Task to complete: Every line from the one with "Image 2: Sunny Living Room Image" to the one with "Portrait de carefree", including those two, is to be copied exactly; all other lines of the entries below are left out.

Supplied records:
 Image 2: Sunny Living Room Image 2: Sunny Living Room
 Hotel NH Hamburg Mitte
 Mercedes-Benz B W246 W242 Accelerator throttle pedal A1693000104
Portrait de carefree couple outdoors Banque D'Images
...
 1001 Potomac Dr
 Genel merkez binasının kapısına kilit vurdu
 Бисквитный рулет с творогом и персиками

Answer to this problem:
 Image 2: Sunny Living Room Image 2: Sunny Living Room
 Hotel NH Hamburg Mitte
 Mercedes-Benz B W246 W242 Accelerator throttle pedal A1693000104
Portrait de carefree couple outdoors Banque D'Images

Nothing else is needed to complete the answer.